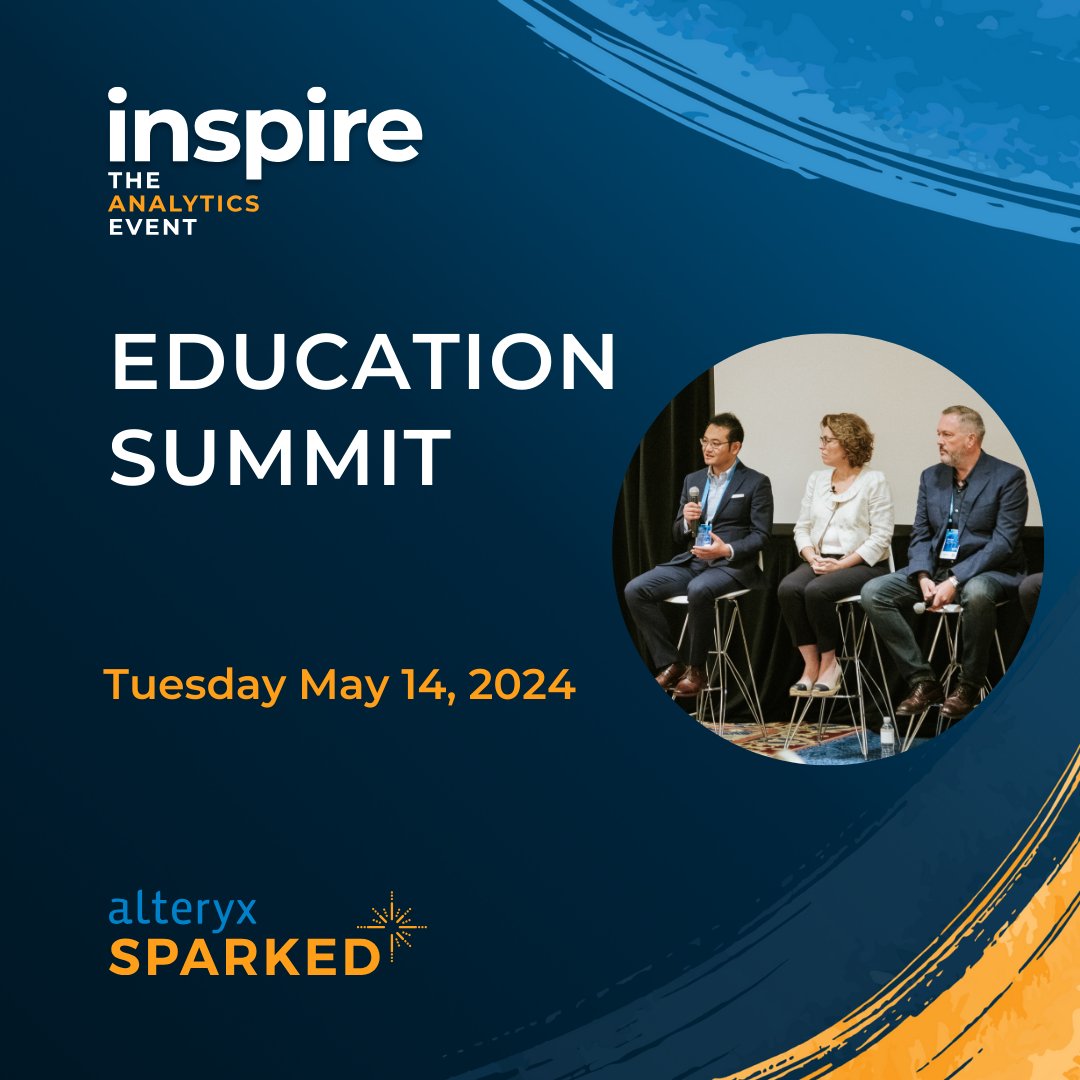alteryx's tweet image. University Educators: Experience the cutting edge of education at the SparkED Education Summit at Alteryx Inspire in Las Vegas, May 14th. Learn about our special offer for educators here: ow.ly/3Ea250R75ZI

#AlteryxSparkED #Inspire #DataAnalytics #BigData #AnalyticsForAll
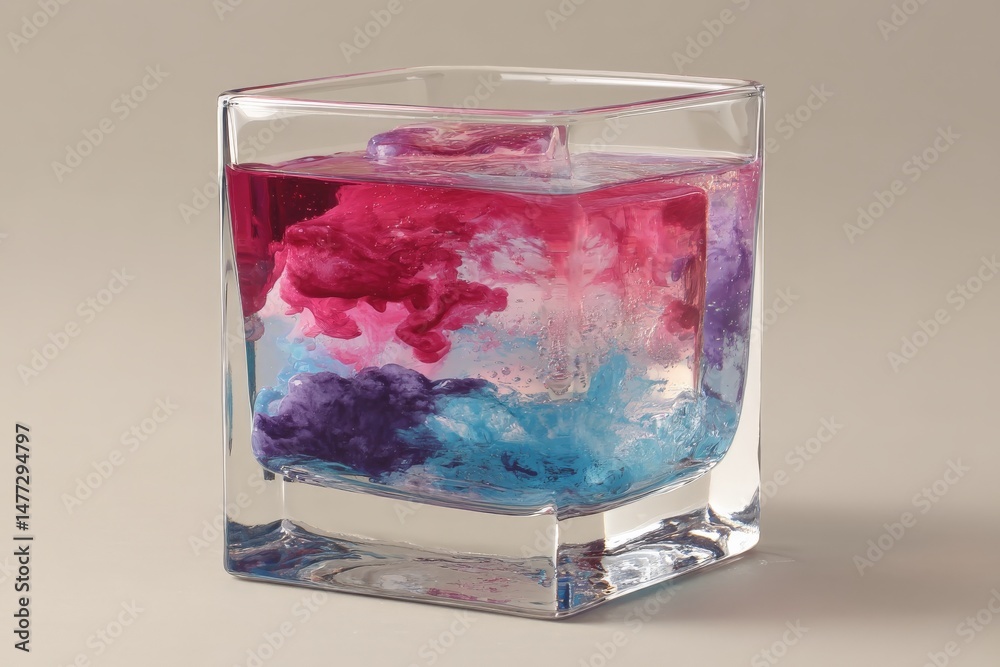 Aufkleber colorful swirling liquids blend in clear glass, creating a mesmerizing visual display in modern deco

== YOUR TASK ==
Copy the listing above verbatim; the pictures it contains are to stay out.

== TASK SOLUTION ==
alteryx's tweet image. University Educators: Experience the cutting edge of education at the SparkED Education Summit at Alteryx Inspire in Las Vegas, May 14th. Learn about our special offer for educators here: ow.ly/3Ea250R75ZI

#AlteryxSparkED #Inspire #DataAnalytics #BigData #AnalyticsForAll
 Aufkleber colorful swirling liquids blend in clear glass, creating a mesmerizing visual display in modern deco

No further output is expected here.